Deep Learning vs Machine Learning
Deep learning vs machine learning is an interesting comparison but quite easy to understand even if both take advantage of big data equally today. Traditional machine learning applied feature engineering before modeling but this required expert knowledge, is time-consuming, and a often long manual process. In addition it requires often 90% of the time in application areas and is sometimes even problem-specific and domain-specific. Deep Learning in contrast enables feature learning promising a massive time advancement. More general information about deep learning can be obtained from our article deep learning. The following picture illustrates the summary of the approach using data, features, and the model itself as explanation.
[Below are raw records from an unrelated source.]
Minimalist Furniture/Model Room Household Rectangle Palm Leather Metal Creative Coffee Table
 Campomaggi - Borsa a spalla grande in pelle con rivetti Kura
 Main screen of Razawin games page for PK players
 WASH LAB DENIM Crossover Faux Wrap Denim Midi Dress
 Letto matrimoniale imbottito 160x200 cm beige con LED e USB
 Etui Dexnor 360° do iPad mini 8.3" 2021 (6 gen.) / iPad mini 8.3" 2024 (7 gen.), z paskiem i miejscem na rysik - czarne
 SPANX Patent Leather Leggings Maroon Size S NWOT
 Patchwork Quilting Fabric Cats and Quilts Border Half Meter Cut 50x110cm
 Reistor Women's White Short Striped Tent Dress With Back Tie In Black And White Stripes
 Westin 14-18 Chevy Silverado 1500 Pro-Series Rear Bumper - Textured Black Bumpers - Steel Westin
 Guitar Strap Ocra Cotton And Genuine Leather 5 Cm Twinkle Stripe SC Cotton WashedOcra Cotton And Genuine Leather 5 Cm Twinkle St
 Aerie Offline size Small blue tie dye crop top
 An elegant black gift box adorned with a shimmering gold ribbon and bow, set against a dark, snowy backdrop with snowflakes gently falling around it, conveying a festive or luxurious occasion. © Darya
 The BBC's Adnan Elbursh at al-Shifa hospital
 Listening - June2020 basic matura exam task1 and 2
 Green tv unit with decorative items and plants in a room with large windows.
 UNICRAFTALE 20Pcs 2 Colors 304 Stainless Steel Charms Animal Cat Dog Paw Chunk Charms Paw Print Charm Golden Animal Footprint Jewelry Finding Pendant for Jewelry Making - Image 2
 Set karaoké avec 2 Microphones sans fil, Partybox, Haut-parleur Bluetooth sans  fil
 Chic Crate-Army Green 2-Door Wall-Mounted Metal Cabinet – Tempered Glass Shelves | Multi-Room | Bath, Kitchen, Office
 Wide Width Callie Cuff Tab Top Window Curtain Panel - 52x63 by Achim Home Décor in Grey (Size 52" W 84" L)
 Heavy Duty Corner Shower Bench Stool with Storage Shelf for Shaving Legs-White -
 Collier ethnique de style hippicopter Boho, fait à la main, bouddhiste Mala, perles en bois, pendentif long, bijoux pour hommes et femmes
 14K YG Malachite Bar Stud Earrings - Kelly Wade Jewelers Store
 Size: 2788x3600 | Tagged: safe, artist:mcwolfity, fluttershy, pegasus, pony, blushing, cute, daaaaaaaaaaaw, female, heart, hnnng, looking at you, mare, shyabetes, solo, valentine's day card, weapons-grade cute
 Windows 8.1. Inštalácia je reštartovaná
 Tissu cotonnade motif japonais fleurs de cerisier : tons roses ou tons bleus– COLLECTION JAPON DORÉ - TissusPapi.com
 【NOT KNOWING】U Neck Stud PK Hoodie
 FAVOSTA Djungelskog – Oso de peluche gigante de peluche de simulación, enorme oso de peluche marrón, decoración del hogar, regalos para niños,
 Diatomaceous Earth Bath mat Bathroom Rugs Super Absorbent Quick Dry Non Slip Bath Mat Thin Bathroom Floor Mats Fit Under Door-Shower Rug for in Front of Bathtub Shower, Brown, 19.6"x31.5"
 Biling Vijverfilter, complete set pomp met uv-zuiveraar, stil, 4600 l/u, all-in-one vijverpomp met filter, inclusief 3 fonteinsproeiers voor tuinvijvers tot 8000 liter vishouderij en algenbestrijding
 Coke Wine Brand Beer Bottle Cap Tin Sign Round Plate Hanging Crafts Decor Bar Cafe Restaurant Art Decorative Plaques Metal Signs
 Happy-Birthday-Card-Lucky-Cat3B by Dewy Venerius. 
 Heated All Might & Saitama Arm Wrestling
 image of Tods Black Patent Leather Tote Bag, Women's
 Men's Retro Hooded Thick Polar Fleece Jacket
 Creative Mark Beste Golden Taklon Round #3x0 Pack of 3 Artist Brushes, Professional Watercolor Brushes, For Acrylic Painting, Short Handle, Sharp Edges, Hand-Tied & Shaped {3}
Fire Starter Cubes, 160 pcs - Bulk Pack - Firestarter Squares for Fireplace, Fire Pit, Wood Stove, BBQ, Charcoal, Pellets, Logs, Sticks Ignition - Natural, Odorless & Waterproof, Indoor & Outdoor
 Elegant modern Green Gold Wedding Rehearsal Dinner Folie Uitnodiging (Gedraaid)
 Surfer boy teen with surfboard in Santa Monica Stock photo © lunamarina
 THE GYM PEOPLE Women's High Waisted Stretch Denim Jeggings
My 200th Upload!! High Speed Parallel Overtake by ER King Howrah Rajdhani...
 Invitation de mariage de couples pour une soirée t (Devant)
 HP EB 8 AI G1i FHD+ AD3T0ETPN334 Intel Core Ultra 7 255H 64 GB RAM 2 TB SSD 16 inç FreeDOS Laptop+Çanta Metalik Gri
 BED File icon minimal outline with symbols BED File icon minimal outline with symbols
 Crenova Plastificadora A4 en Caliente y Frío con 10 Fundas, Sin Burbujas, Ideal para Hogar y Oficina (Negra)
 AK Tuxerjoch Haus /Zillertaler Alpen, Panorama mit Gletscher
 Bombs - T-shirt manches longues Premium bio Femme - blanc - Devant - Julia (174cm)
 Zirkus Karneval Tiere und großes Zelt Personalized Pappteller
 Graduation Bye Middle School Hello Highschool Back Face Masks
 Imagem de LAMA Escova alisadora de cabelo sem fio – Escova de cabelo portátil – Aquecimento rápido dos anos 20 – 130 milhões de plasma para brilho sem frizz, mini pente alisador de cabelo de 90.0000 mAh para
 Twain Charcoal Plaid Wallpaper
In order to provide an example consider huge set of images with cars. The algorithms learn the inherent structure of cars by performing feature learning. Feature learning in this case can refer to learn the feature of round tyres that typically cars have. Hence, compared to other machine learning algorithms were features are engineered beforehand, the deep learning algorithm learn various features automatically. This in turn leads to another difference related to the quantity of datasets. Deep learning algorithms take advantage of large quantities of datasets and can truly benefit from big data. In traditional machine learning data was rather often reduced or transformed into features that are much lower in size, dimension, or sample quantity. The reasoning behind this was also often the problem of having to little computational time or that more data is not always better data due to noise and other factors.